- Extracted entries:
· · · · · · ·

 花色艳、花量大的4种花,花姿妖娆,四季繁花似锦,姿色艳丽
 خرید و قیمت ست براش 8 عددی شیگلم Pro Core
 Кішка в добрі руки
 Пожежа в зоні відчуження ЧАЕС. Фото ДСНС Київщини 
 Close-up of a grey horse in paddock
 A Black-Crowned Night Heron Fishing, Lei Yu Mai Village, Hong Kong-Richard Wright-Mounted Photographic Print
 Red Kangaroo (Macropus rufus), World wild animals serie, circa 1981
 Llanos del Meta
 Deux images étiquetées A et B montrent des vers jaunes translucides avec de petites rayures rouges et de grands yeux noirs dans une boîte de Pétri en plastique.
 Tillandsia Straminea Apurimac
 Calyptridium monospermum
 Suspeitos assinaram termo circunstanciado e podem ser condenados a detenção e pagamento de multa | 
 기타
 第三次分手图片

· · · · · · ·

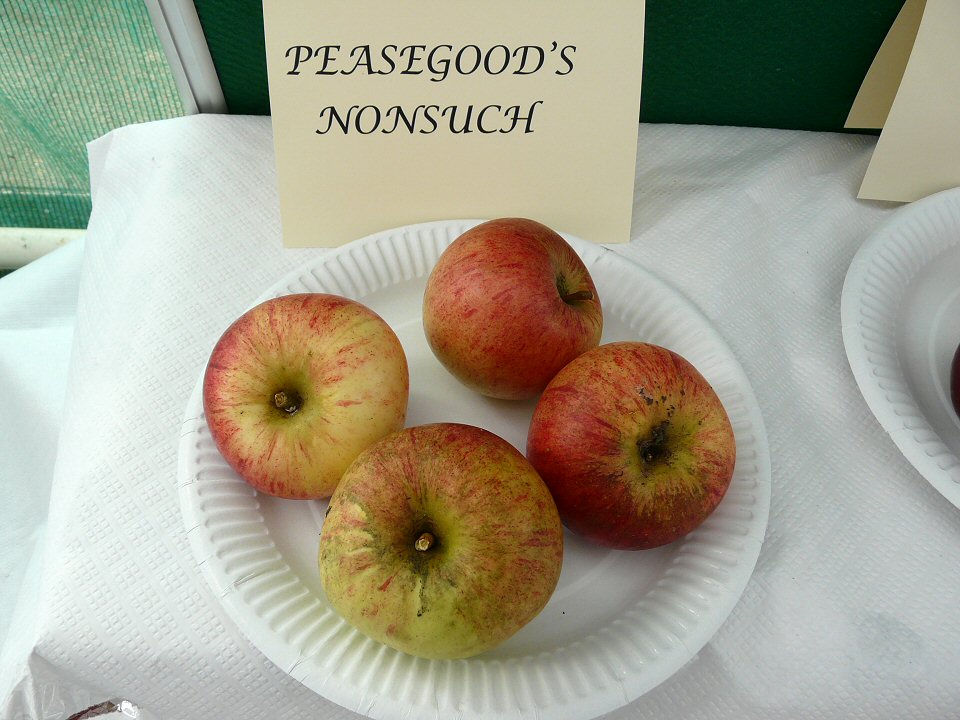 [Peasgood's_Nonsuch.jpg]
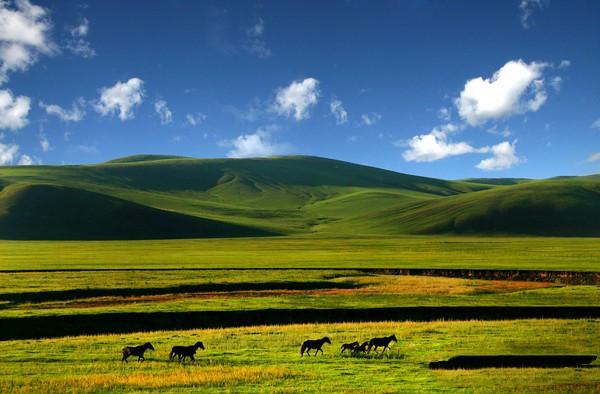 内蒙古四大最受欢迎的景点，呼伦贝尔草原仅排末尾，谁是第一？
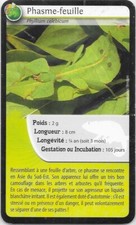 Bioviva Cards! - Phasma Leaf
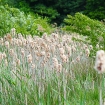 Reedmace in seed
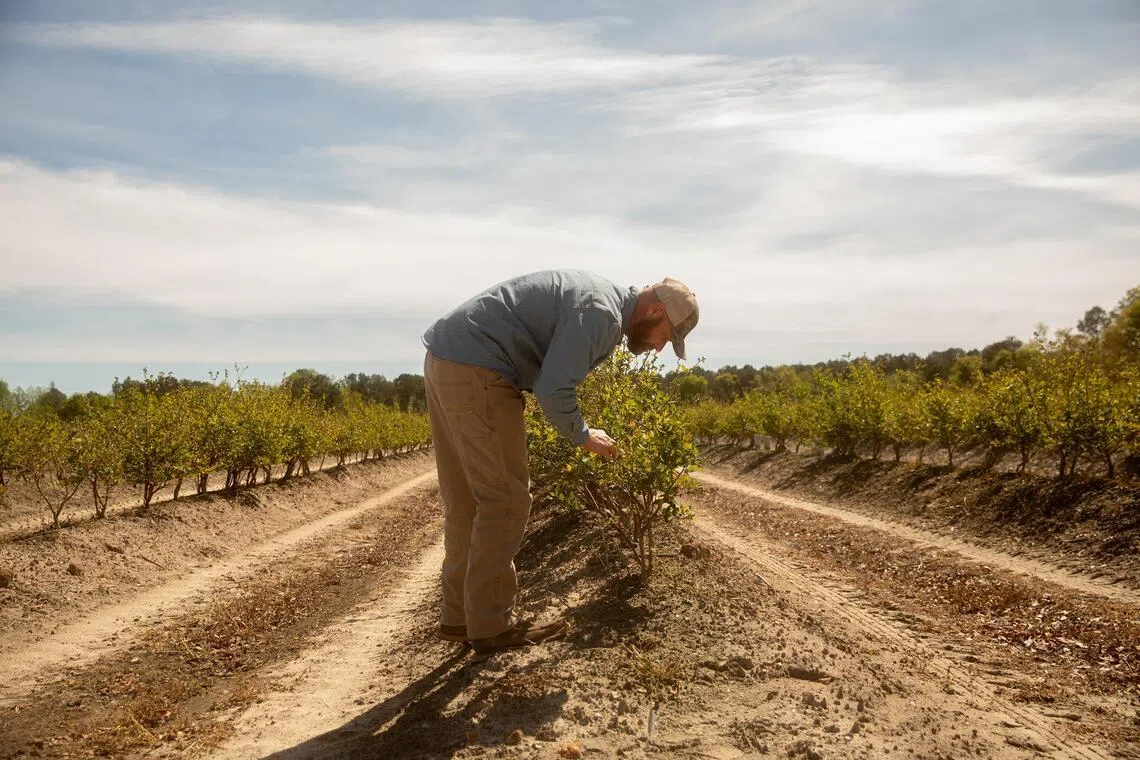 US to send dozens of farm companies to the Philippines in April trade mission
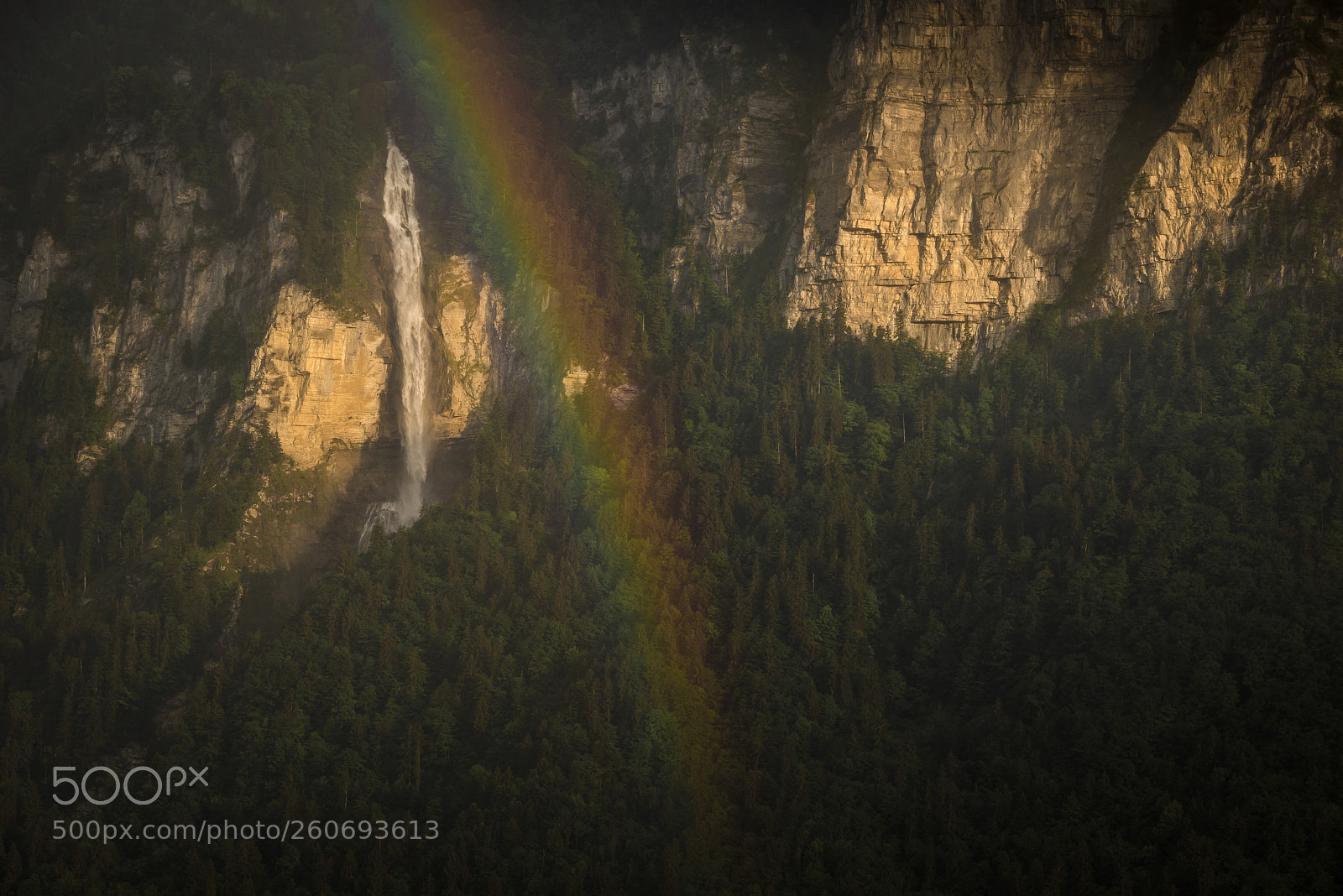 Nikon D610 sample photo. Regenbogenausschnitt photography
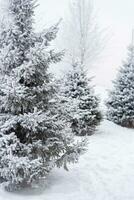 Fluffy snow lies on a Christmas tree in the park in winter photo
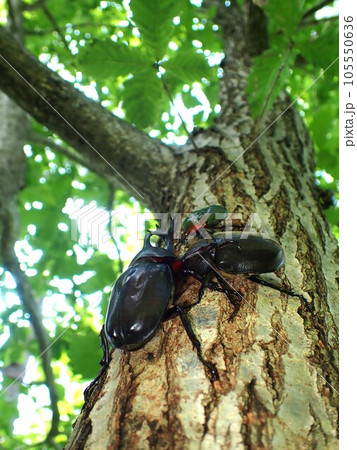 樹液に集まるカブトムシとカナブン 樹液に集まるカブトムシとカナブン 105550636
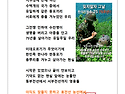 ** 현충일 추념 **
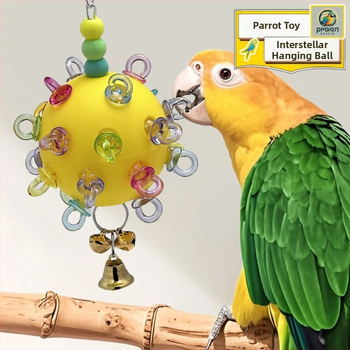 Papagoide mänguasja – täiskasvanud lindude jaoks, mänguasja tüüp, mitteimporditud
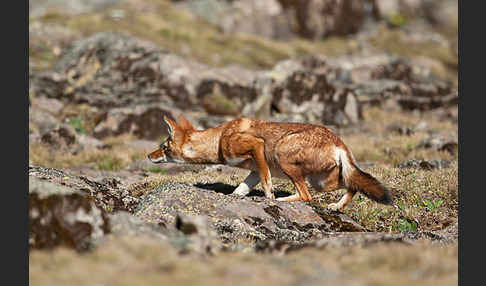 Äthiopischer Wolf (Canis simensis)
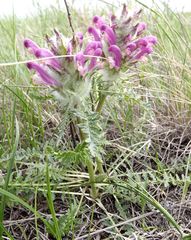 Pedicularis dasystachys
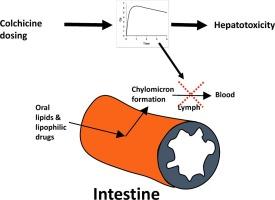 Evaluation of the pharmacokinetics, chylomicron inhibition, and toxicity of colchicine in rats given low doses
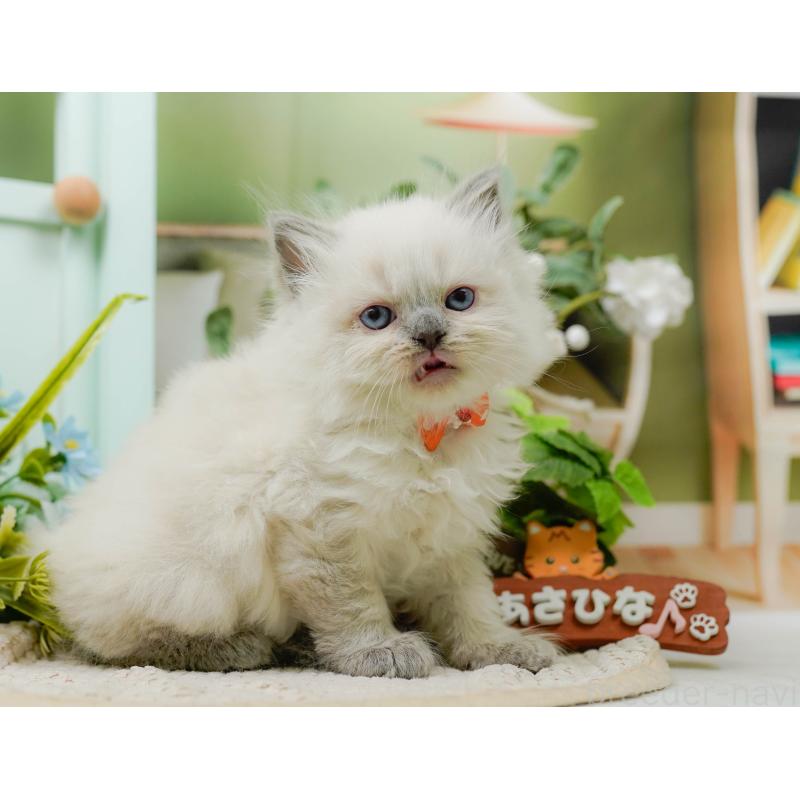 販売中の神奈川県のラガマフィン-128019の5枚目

· · · · · · ·

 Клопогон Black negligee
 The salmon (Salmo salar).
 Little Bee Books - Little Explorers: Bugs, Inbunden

· · · · · · ·

- What needs to be done:
From the entries above, give again exactly the lines running from the line with "Клопогон Black negligee" to the line with "Little Bee Books"; include both of those lines.

- Response to this exercise:
 Клопогон Black negligee
 The salmon (Salmo salar).
 Little Bee Books - Little Explorers: Bugs, Inbunden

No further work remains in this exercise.